◆ EXERCISE
From the line containing "Clearance Women's Linen-Inspired" to the final line of the entries, copy each line exactly. Pictures stay out.

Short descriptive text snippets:

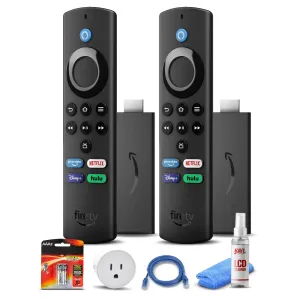 (2) Amazon Fire TV Stick Lite (2021)   Smart Plug   Cat5 Cable   Batteries Bundle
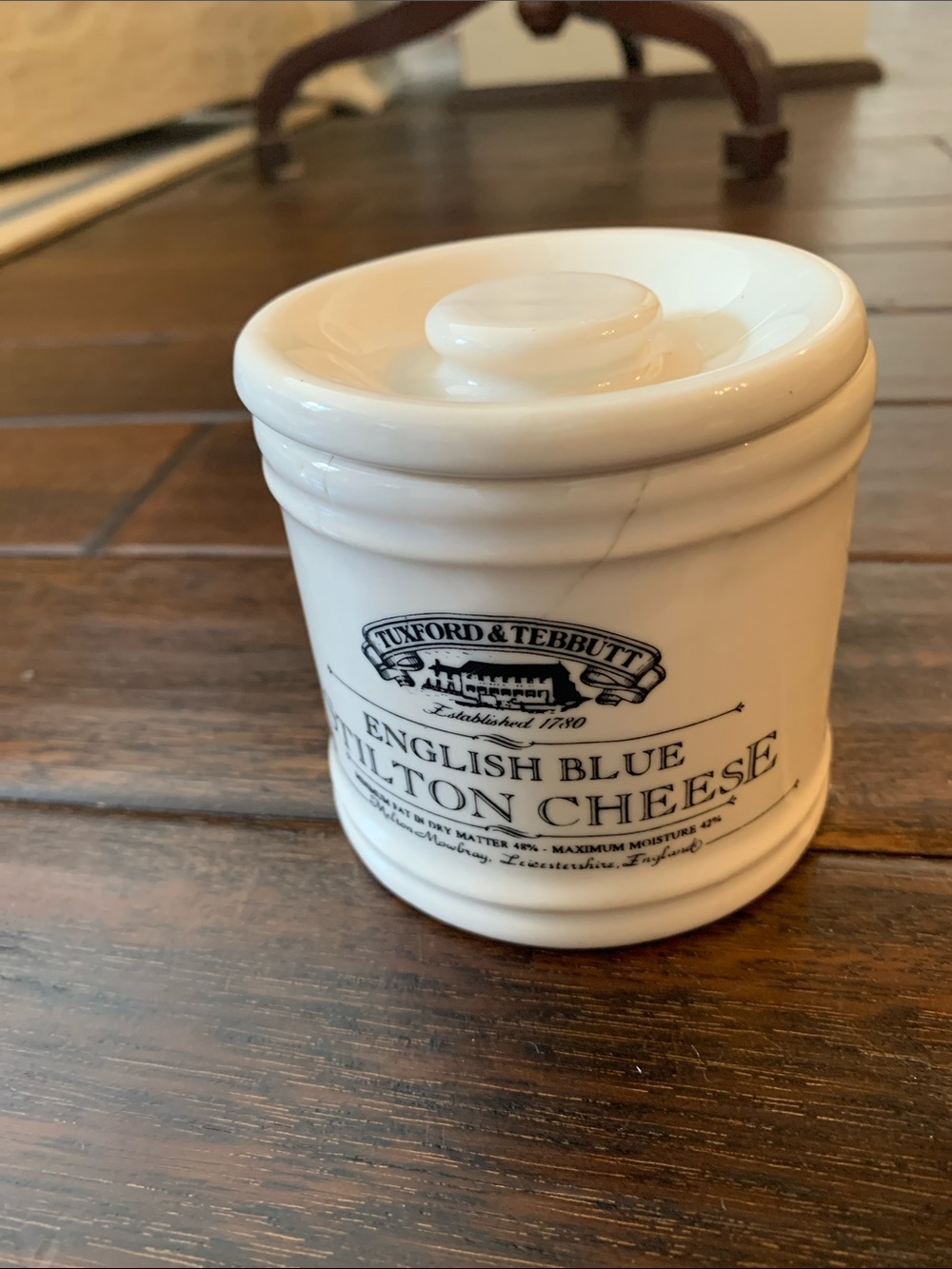 English Blue Stilton Ceramic Cheese Jar - White Repaired!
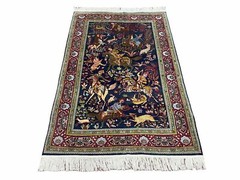 Indian Kashmiri Wool & Silk Rug 4×6 Hunting Scene Dark Blue Hand-Knotted Vintage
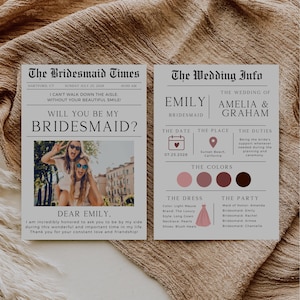 Newspaper Bridesmaid Proposal, Flower Holder Bridesmaid Info Card, Printable Maid Of Honor Proposal, Be My Bridesmaid, Editable Template
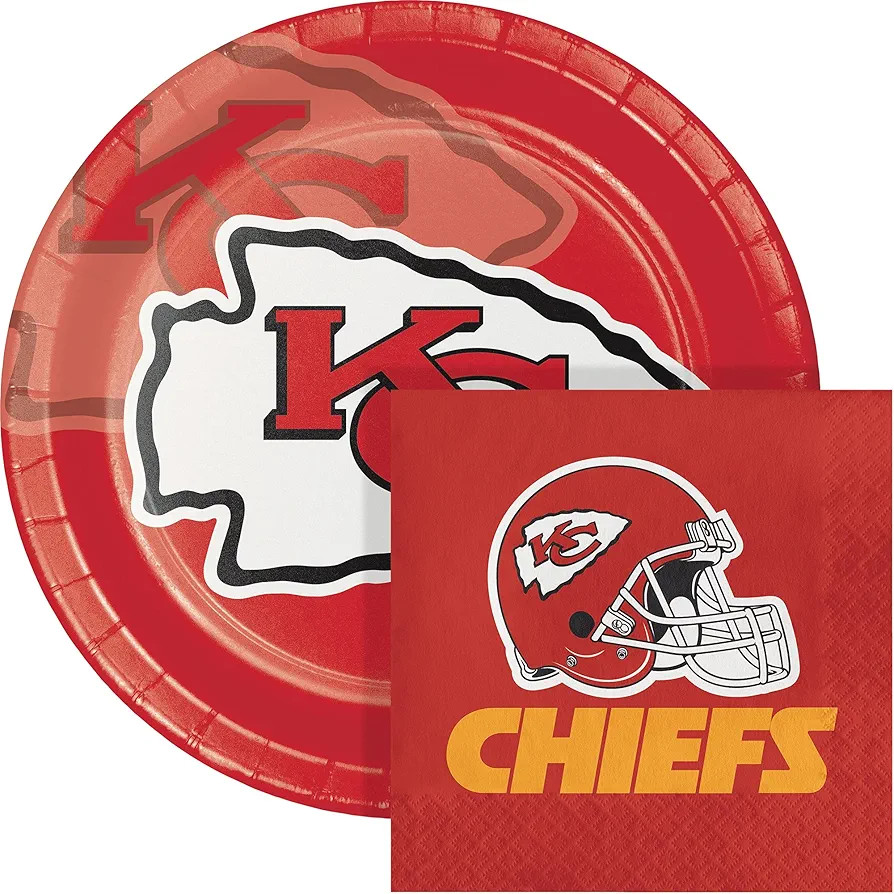 Trendware Kansas City Chiefs Paper Plate and Napkin Party Kit, Serves 16 | Amazon (US)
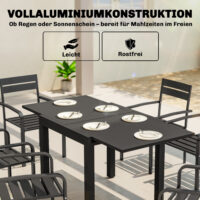 Gartentisch ausziehbar rechteckig für 4 bis 6 Personen Aluminium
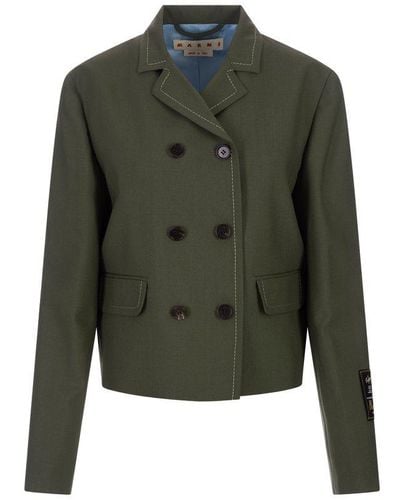 Marni Forest Double-breasted Jacket With Contrast Stitching - Green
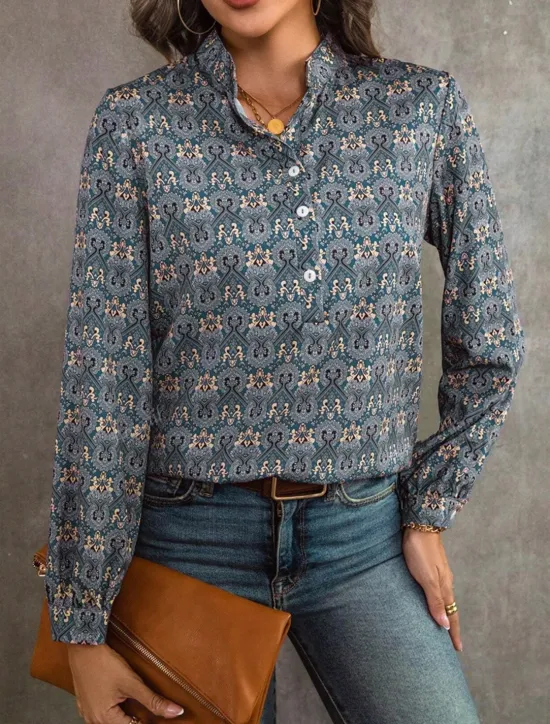 Clearance Women's Linen-Inspired Shirts Dressy Tops Stylish Retro Vintage Long Sleeve Bishop Sleeve Notched Neck Regular Tops Daily Summer Spring Fall Women Shirts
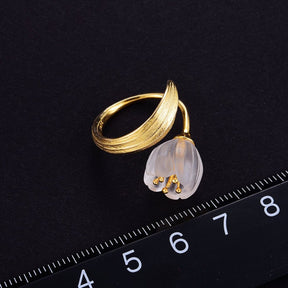 Valley Flower Natural Crystal Adjustable Ring - Rings - Pretland | Spiritual Crystals & Jewelry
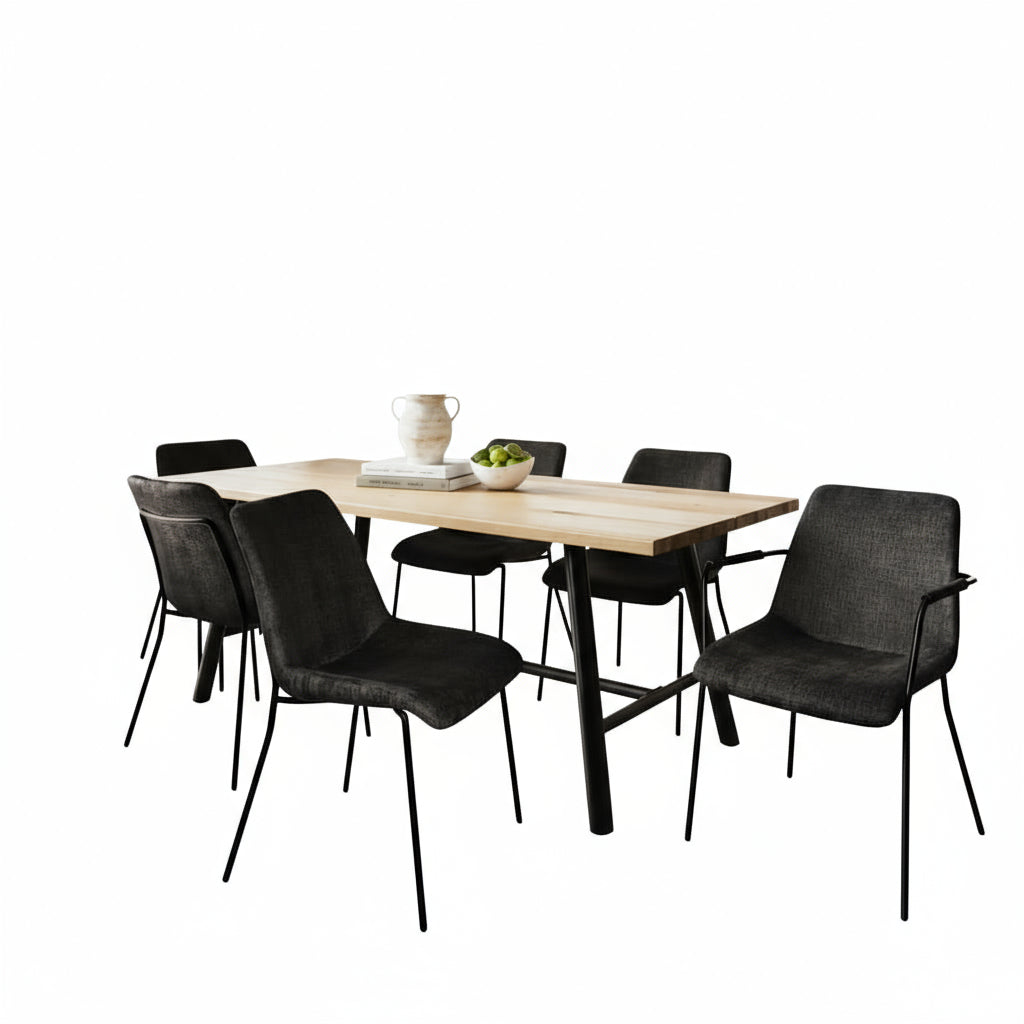 Harry Christian Home Large Oak & Black Dining Set with 6 Chairs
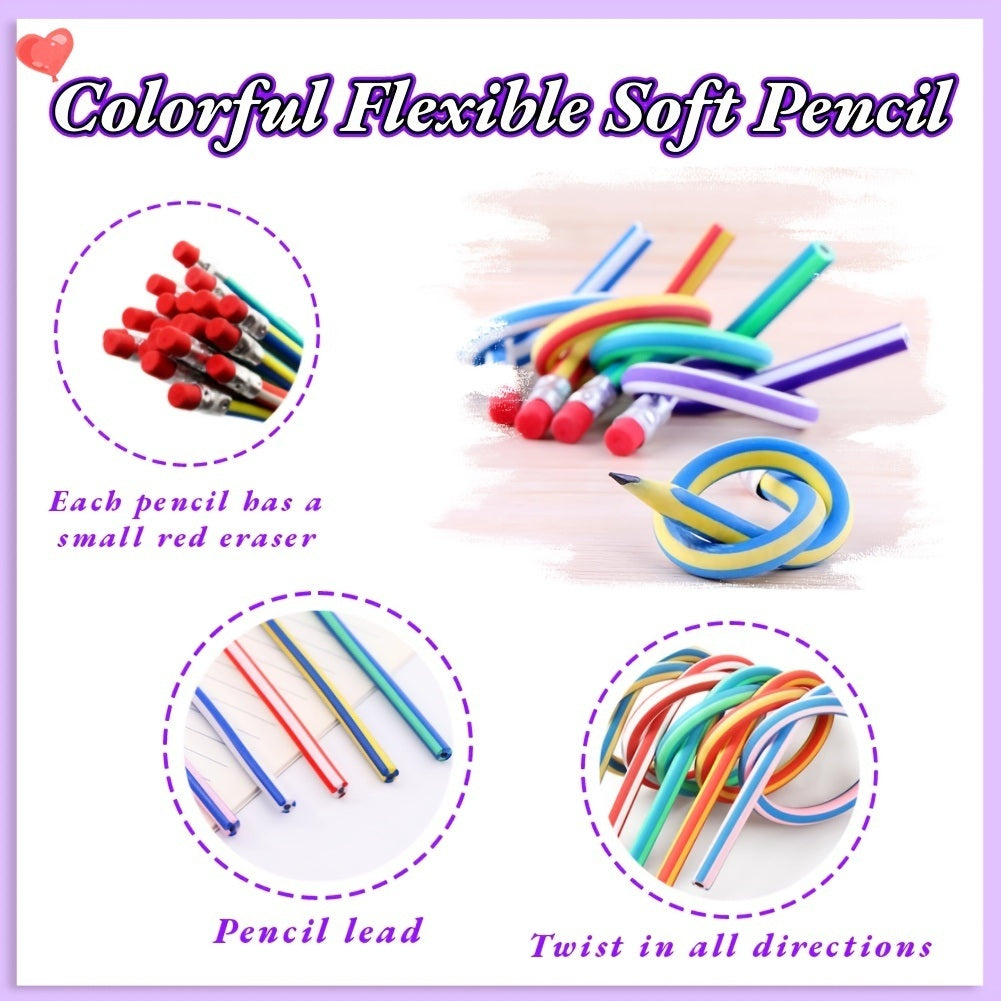 10pcs 7 Inch Flexible Pencils,Soft Novelty Pencil,Multi Colored Striped Soft Pencil With Eraser For Valentine's Day,Children Kids Gift School Fun Equipment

◆ TASK RESULT
 Clearance Women's Linen-Inspired Shirts Dressy Tops Stylish Retro Vintage Long Sleeve Bishop Sleeve Notched Neck Regular Tops Daily Summer Spring Fall Women Shirts
 Valley Flower Natural Crystal Adjustable Ring - Rings - Pretland | Spiritual Crystals & Jewelry
 Harry Christian Home Large Oak & Black Dining Set with 6 Chairs
 10pcs 7 Inch Flexible Pencils,Soft Novelty Pencil,Multi Colored Striped Soft Pencil With Eraser For Valentine's Day,Children Kids Gift School Fun Equipment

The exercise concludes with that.